With that he clapped me on the back and hurried out, leaving me slightly bewildered, but feeling suddenly that the world was an exciting place and life worth living again. Here was a chance to write a film script handed me on a platter. I had several more drinks at that bar, savouring the excitement of the moment with the warmth of the whisky. If I wrote a script — and it were good enough — Engles, I knew, would keep his word. I did not spare much thought for the private assignment he had given me. I did not know then that it was to oust from my mind any thought of writing a script until I wrote of the actual events that occurred at Col da Varda.
When I got back to the cottage that night Peggy met me at the door and she saw at once that our luck had turned. Her face lit up. We laughed together over the strangeness of it all and went out to celebrate, spending money without thought for the first time in months, planning the script I should write. The fact that we were to be separated again didn’t seem to matter. It was for a short time and we were people with a future if we could grasp hold of it.
So it was that, two days later, I found myself sharing a carriage with Joe Wesson. Engles’ description of him as ‘a fat, sluggish ape’ was cruel, but not inappropriate. He had heavy features. The skin below the sockets of his eyes was dragged down by great pouches. His cheeks swept in ample folds to his splendid chins and flapped like dewlaps as he talked. He weighed, I should guess, over fifteen stone. He was, in fact, one of the most impressive figures I have ever seen and to watch him fitting himself into his sleeping berth was as good as a visit to the panda’s cage at the London Zoo.
He was in a furious temper when he joined me on the platform at Victoria. He had a hangover and obviously hated travel. ‘You’re Neil Blair, are you?’ he said. He was panting, but for all that he was quick enough on his feet. ‘I’m Joe Wesson. We’ve been had for a couple of mugs, blast Engles’ God-damned soul! Why couldn’t he convince the Studios himself without sending us to shiver on a Dolomite, taking pictures and writing scripts?’ He heaved his gear on to the rack. ‘The Studios will do what he says anyway. He could just as well talk them into it. He’s got a tongue, and ‘tisn’t as though it’s rusty. But he must have the whole circus running around full of the same idea.’ He fitted himself into a corner seat facing the engine and, as though to bear out Engles’ theories, brought out a stack of Westerns, picked up the top one and settled himself to read.
He worked his way steadily down through that pile of Westerns as we crossed the Channel and the train rattled across France and through Switzerland — that is, when he wasn’t taking on food or drink, both of which he did noisily and in large quantities, or when he wasn’t sleeping, which he did even more noisily, snoring with a strange series of grunts that ended in a slight long-drawn-out whistle.

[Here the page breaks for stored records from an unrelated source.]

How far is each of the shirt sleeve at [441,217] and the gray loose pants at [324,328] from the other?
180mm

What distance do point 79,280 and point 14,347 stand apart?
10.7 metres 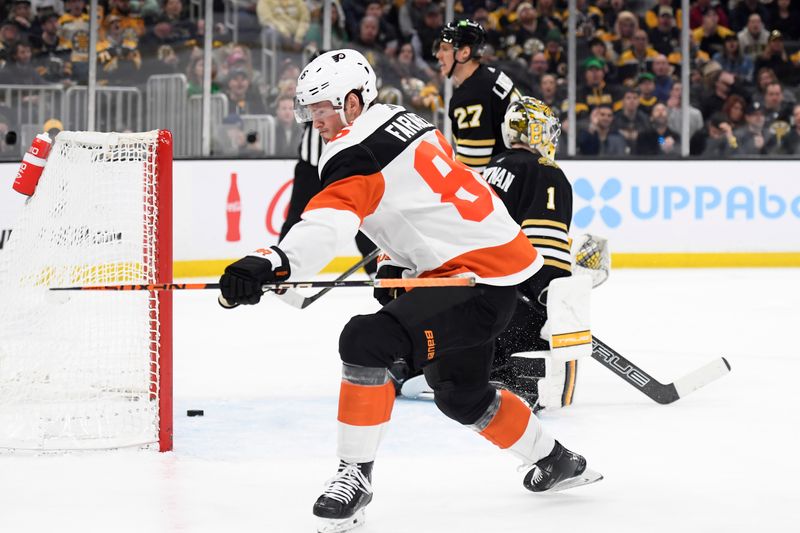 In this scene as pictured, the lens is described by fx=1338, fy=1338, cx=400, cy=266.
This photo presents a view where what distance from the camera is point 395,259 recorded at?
9.46ft

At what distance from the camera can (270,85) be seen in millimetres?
8156

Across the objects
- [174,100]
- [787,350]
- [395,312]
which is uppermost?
[174,100]

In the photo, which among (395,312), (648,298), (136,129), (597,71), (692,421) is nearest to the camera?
(395,312)

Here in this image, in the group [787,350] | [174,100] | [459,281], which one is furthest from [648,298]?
[459,281]

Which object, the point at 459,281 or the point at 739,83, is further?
the point at 739,83

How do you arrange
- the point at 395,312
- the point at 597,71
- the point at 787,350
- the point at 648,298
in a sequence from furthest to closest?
1. the point at 597,71
2. the point at 648,298
3. the point at 787,350
4. the point at 395,312

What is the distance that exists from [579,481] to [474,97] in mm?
2495

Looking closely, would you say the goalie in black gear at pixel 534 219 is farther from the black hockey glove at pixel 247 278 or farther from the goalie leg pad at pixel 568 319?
the black hockey glove at pixel 247 278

He didn’t talk much. But once he leaned across in a 1C friendly way and said, ‘New to the K.M. set-up, aren’t you, old man?’ He had a queer way of jerking his sentences out as though he were always short of breath. When I told him I was, he shook his head so that his cheeks quivered. ‘Good firm when you’re on top, but God help you when you’re not. They’re a hard lot. Can’t afford to make a mistake with them. If you do—’ he snapped his fingers expressively — ‘you’re finished. Engles is their big man at the moment. He may last one year. He may last five. Worked with him before?’
I told him what my previous association with Engles was. ‘Ah!’ he said. ‘Then you probably know him better than I do. Get to know men when you live with them like that. He can be charming. And then again he can be a devil. Most ruthless director I ever worked with. If a star doesn’t toe the line, they’re out — he’ll get a new star or make one. That’s how Lyn Barin jumped to fame in The Three Tombstones. The original star was Betty Carew. She threw a fit of temperament — wanted scenes played her own way. Engles chucked her off the set. His language was a poem in Technicolor. Next day he had the Barin girl there. No one had ever heard of her. And he made her a star right there on the set. He got the acting he wanted and the film was the better for it. Betty Carew had done good work for K.M. But she’s washed up now.’ He heaved a sigh. ‘Why you blokes ever come out of the Army, God knows! You’re safe there. Nobody can throw you out unless you do something stupid.’ Then he suddenly smiled. His smile was quite delightful. His face, for all its loose flesh, was strangely expressive. ‘Still, I admit I wouldn’t change places with ‘em. Life’s a fight anyway. There’s no fun in knowing you’re safe whether your work is good or bad.’ And he returned with a deep sigh of contentment to his Westerns.